Questa dirompenza – che va da Tsipras al Movimento 5 stelle a Podemos ma anche ai partiti neonazisti nei paesi dell’est europa come all’ UKIP in Inghilterra e al Salvinismo e Lepenismo italiano e francese (come possiamo notare ben oltre ogni idea di omogeneità e attraverso percorsi ideologici e sociali e programmatici eterogenei) – non ha nulla di politico nel senso tradizionale del termine ma va a riempire alcuni vuoti sostanziali dei partiti politici tradizionali.


Un’Europa che si è trasformata profondamente ed in un tempo complessivamente estremamente ridotto non ha avuto una classe politica capace di accompagnare, gestire e comunicare queste trasformazioni: la paura del nuovo e l’incertezza conseguente, amplificata dagli effetti della crisi economica e finanziaria globale, hanno semplicemente ricondotto ampie fasce dell’elettorato a questi soggetti che avevano alcune caratteristiche semplici ed immediatamente riconoscibili: lontananza dai partiti tradizionali, novità, non essere stati parte di alcun governo precedente, una forte critica all’Europa ed alle sue istituzioni e simboli, un forte richiamo alla tipicità locale/regionale/nazionale, una proposta politica basata sulla disintermediazione politica e una maggiore partecipazione e coinvolgimento diretto.

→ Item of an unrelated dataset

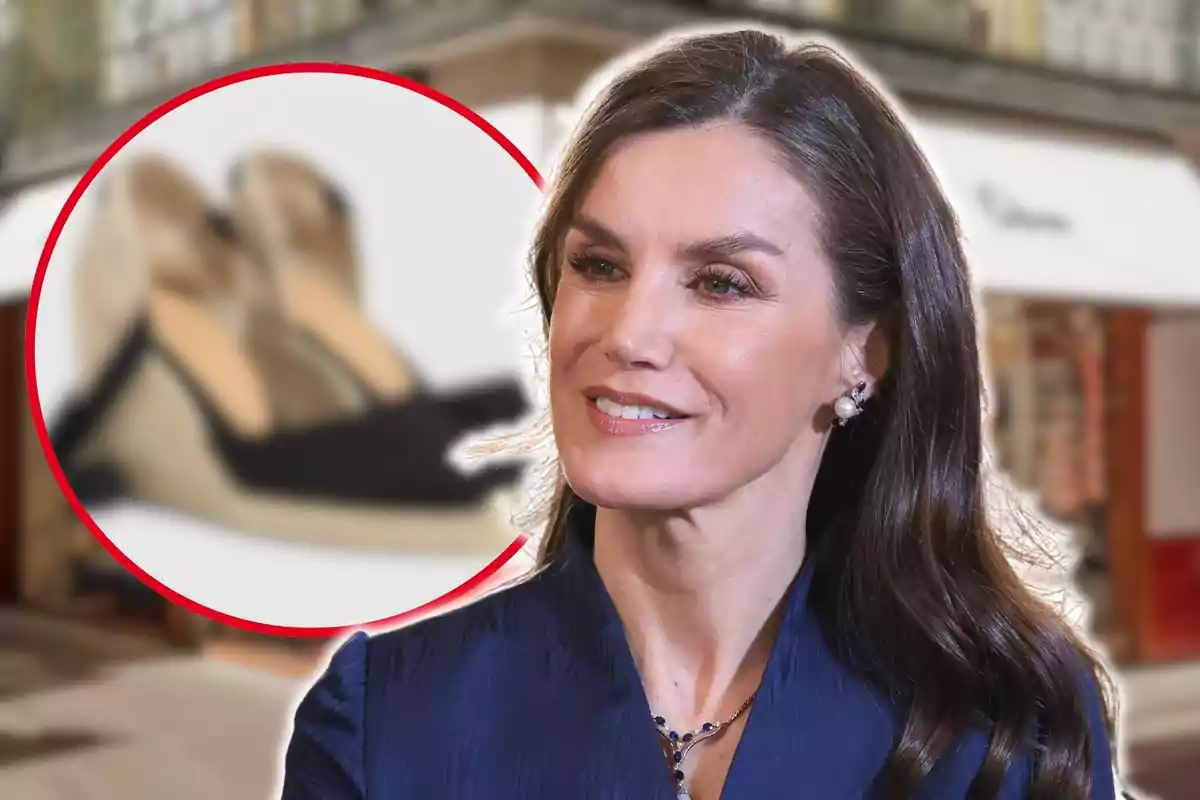 La Reina Letizia usando un vestido azul y pendientes de perlas, con una imagen ampliada de unos zapatos de tacón en el fondo.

Il resto lo hanno fatto i “vecchi partiti”: gestendo poco e male la crisi, sottovalutando i fenomeni “esterni” alla tradizione della mediazione parlamentare, non comprendendo la domanda che veniva posta alla politica e snobbando elitariamente i nuovi soggetti politici che si affacciavano sulla scena.
 Un errore non solo di comunicazione che di fatto ha consolidato, trasformato e radicalizzato la forza di tutti questi partiti.

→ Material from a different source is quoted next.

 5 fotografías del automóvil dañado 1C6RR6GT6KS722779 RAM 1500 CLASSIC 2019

E tuttavia questa apparente “rivoluzione” che si è spesso nutrita di “web come nuovo medium” e morte dei media precedenti, era in sé – da un punto di vista della comunicazione politica – una farsa, un opportunismo che è stato presto compreso dai soggetti stessi della comunicazione e dell’informazione. 

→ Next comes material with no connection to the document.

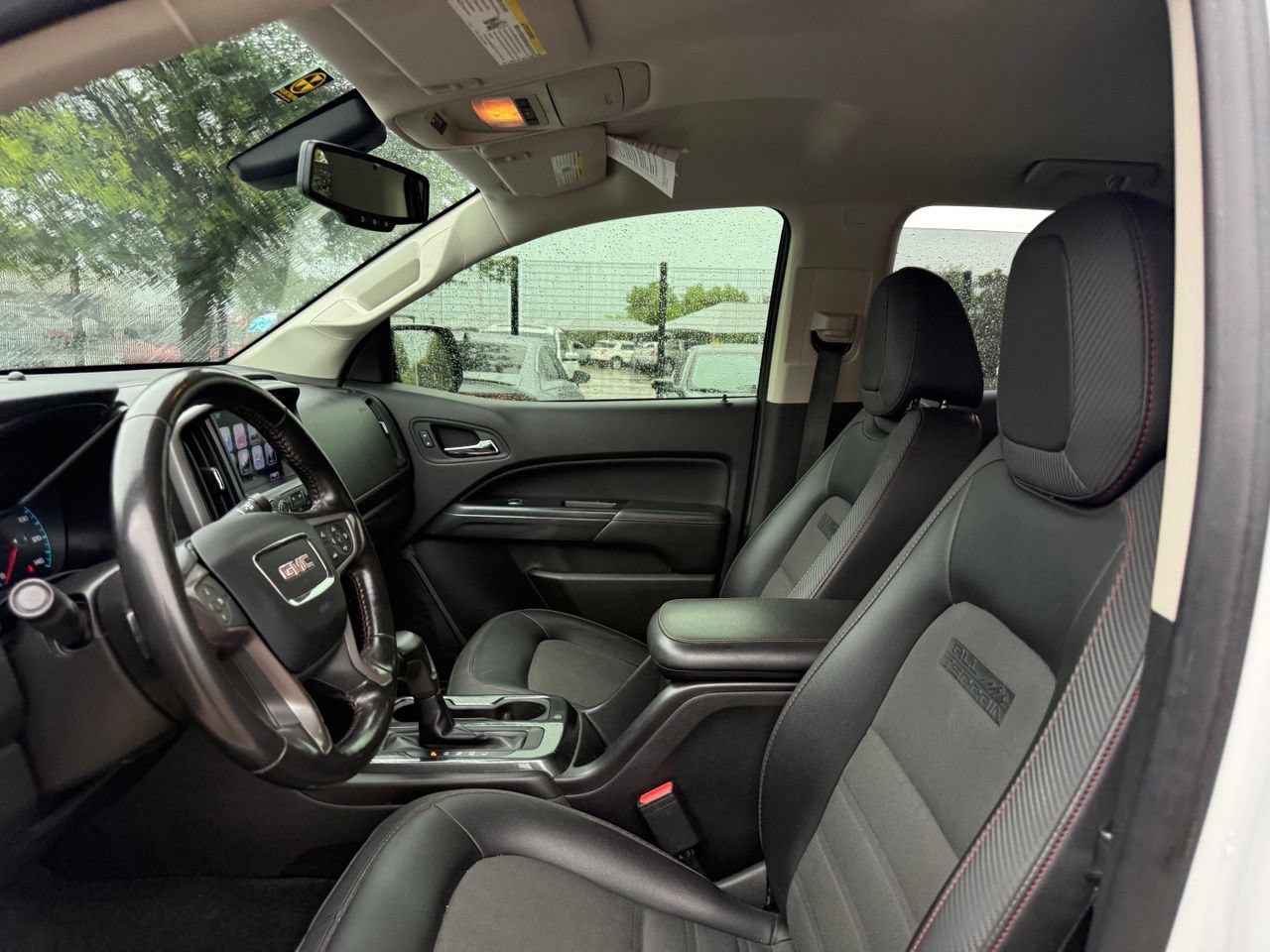 Used 2017 GMC Canyon SLE w/ All Terrain Package AWD/4WD image 10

Se guardiamo oggi ciò che avviene nei sistemi dell’informazione politica tradizionale possiamo osservare – sia quantitativamente che qualitativamente – come le nuove star dei programmi di giornalismo ed informazione politica siano proprio i “soggetti esterni” alla cd. politica dei partiti.
 Lanciati e sostenuti dalla propria organizzazione di supporters in rete, i rappresentanti di tutti questi nuovi soggetti politici sono i veri fenomeni tele-mediatici, capaci di sollevare spesso le sorti dello share dei tradizionali talk-show politici.


Se Donald Trump vale da solo il 50% dello share delle trasmissioni dei dibattiti delle primarie repubblicane americane, non sono da meno in Italia Salvini o Di Battista (per non citare la partecipazione di Grillo a Porta a Porta – segno inequivocabile che la televisione era e resta il medium per eccellenza per la politica di massa), per non parlare della Le Pen in Francia che può dettare tempi e condizioni per qualsiasi intervista, o di come ha riposizionato se stesso Varoufakis dopo le dimissioni da ministro delle finanze in Grecia.